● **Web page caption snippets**
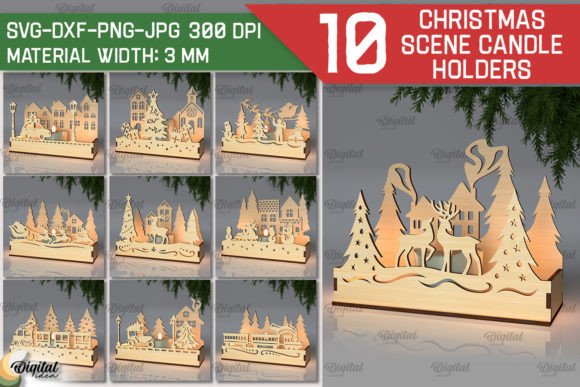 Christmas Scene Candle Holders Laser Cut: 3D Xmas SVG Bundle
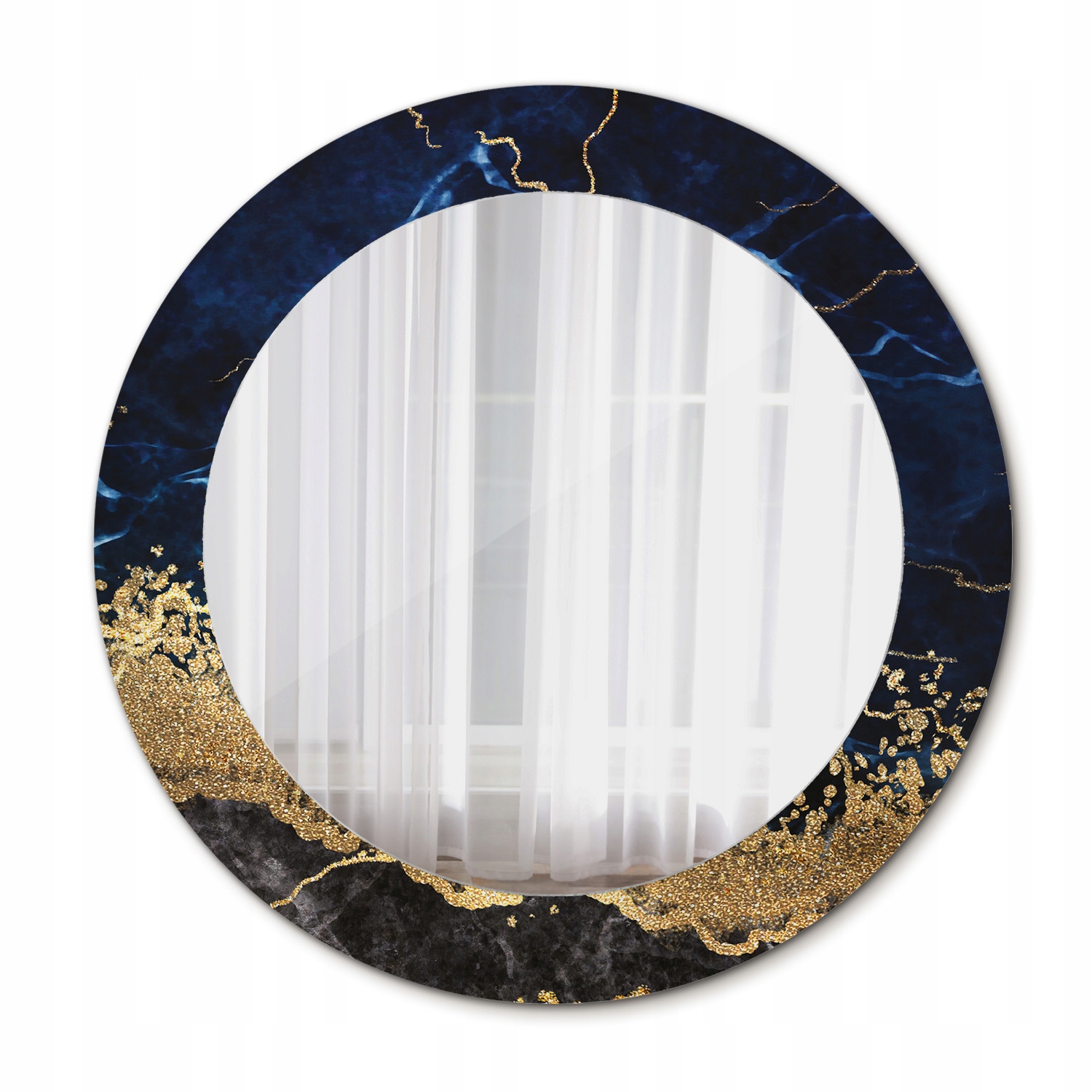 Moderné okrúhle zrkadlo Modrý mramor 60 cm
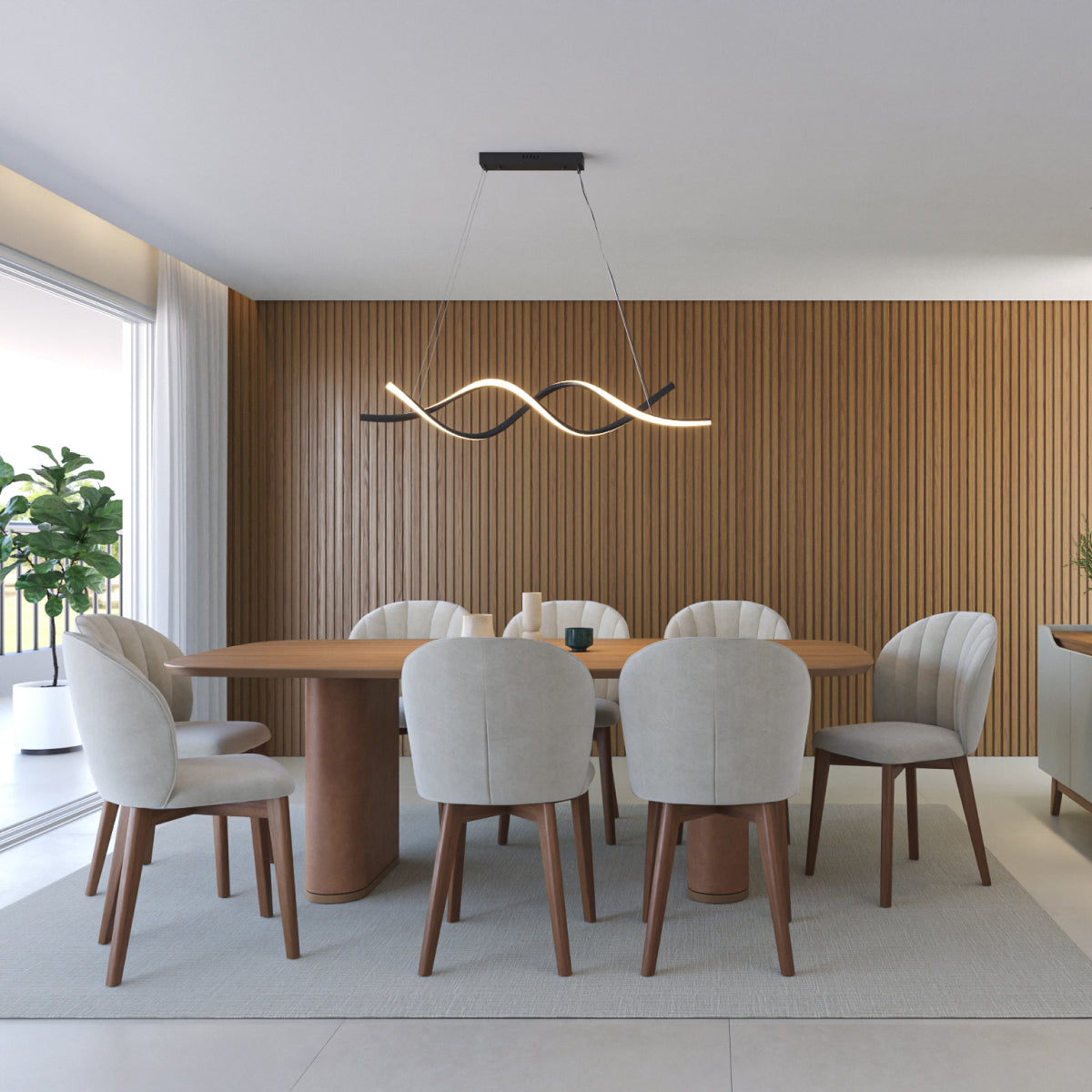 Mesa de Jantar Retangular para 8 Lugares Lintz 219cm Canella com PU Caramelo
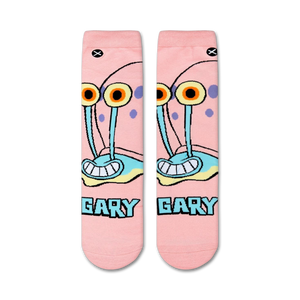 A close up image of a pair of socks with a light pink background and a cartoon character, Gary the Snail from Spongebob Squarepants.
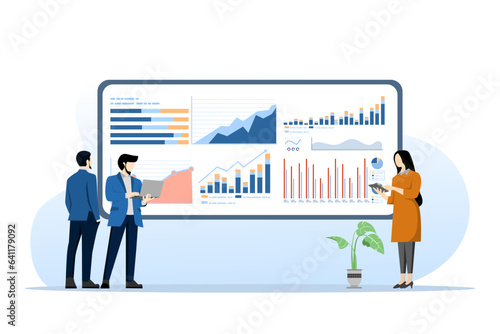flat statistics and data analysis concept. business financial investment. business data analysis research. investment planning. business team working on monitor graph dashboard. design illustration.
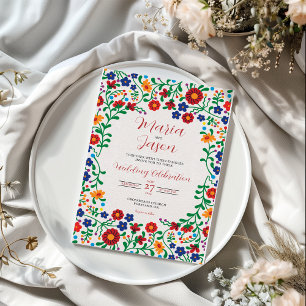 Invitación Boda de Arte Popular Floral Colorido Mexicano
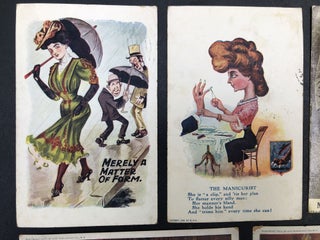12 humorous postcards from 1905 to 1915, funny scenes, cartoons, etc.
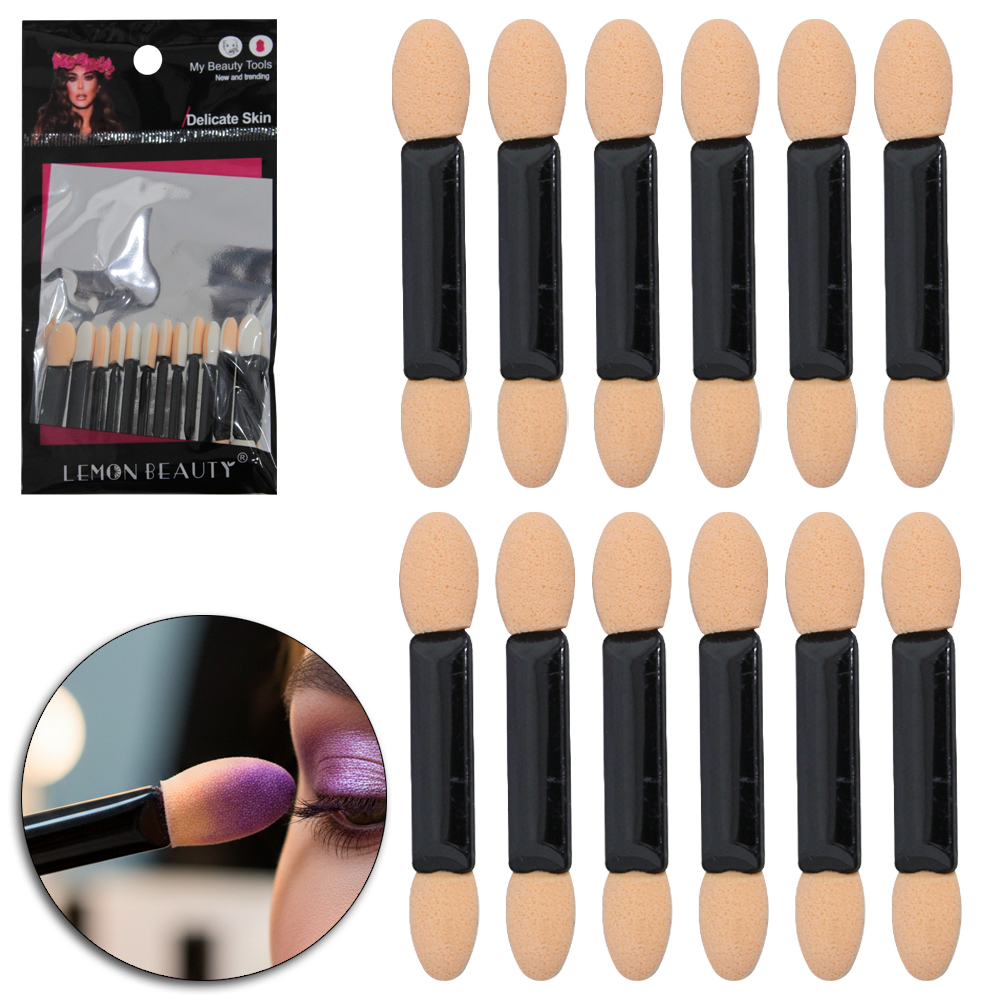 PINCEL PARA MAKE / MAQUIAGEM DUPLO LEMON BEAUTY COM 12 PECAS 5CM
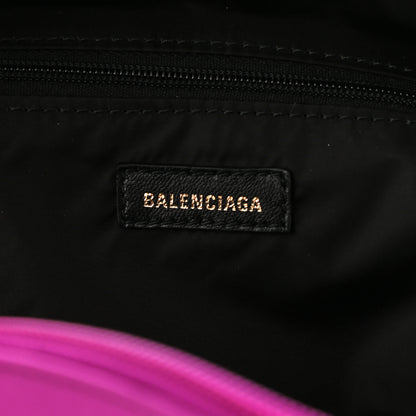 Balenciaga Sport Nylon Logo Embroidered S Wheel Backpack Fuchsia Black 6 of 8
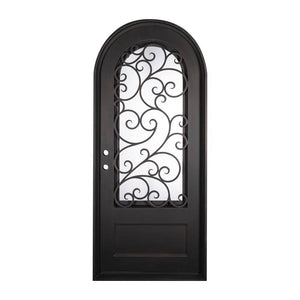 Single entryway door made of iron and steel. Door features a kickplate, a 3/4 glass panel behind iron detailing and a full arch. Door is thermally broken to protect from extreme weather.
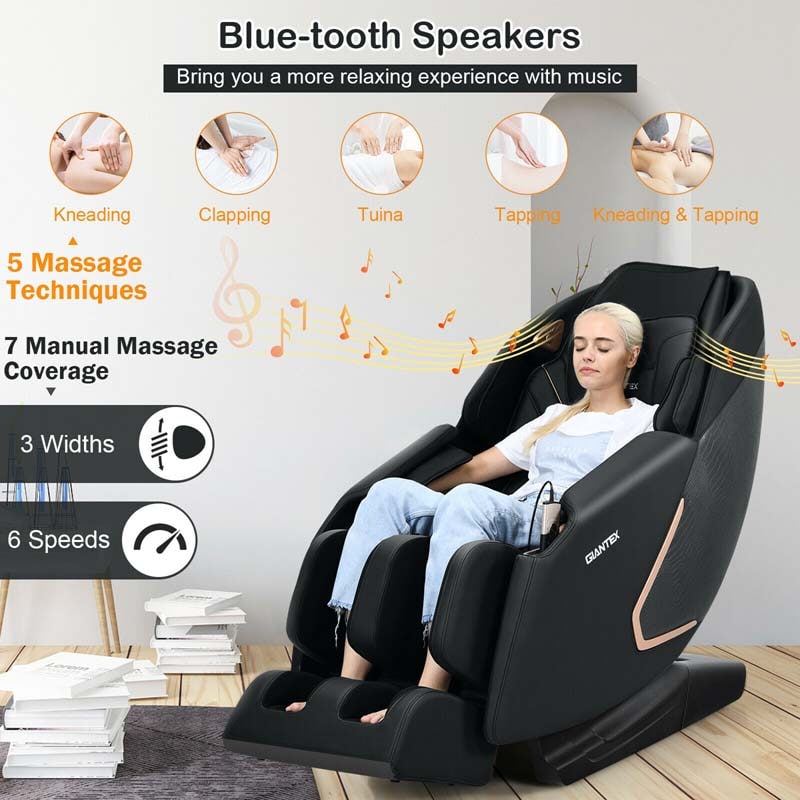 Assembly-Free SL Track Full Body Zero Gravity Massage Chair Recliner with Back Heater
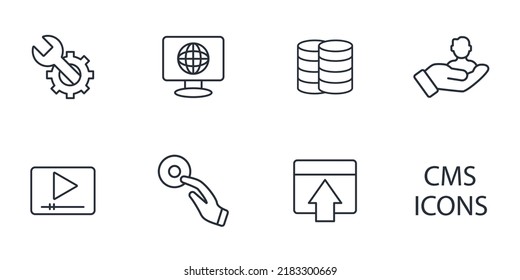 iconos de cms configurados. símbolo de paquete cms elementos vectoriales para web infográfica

● **TASK DETAILS**
Write out every line of the entries above exactly, and omit their pictures.

● **ANSWER SPACE**
 Christmas Scene Candle Holders Laser Cut: 3D Xmas SVG Bundle
 Moderné okrúhle zrkadlo Modrý mramor 60 cm
 Mesa de Jantar Retangular para 8 Lugares Lintz 219cm Canella com PU Caramelo
 A close up image of a pair of socks with a light pink background and a cartoon character, Gary the Snail from Spongebob Squarepants.
flat statistics and data analysis concept. business financial investment. business data analysis research. investment planning. business team working on monitor graph dashboard. design illustration.
 Invitación Boda de Arte Popular Floral Colorido Mexicano
12 humorous postcards from 1905 to 1915, funny scenes, cartoons, etc.
 PINCEL PARA MAKE / MAQUIAGEM DUPLO LEMON BEAUTY COM 12 PECAS 5CM
 Balenciaga Sport Nylon Logo Embroidered S Wheel Backpack Fuchsia Black 6 of 8
 Single entryway door made of iron and steel. Door features a kickplate, a 3/4 glass panel behind iron detailing and a full arch. Door is thermally broken to protect from extreme weather.
 Assembly-Free SL Track Full Body Zero Gravity Massage Chair Recliner with Back Heater
 iconos de cms configurados. símbolo de paquete cms elementos vectoriales para web infográfica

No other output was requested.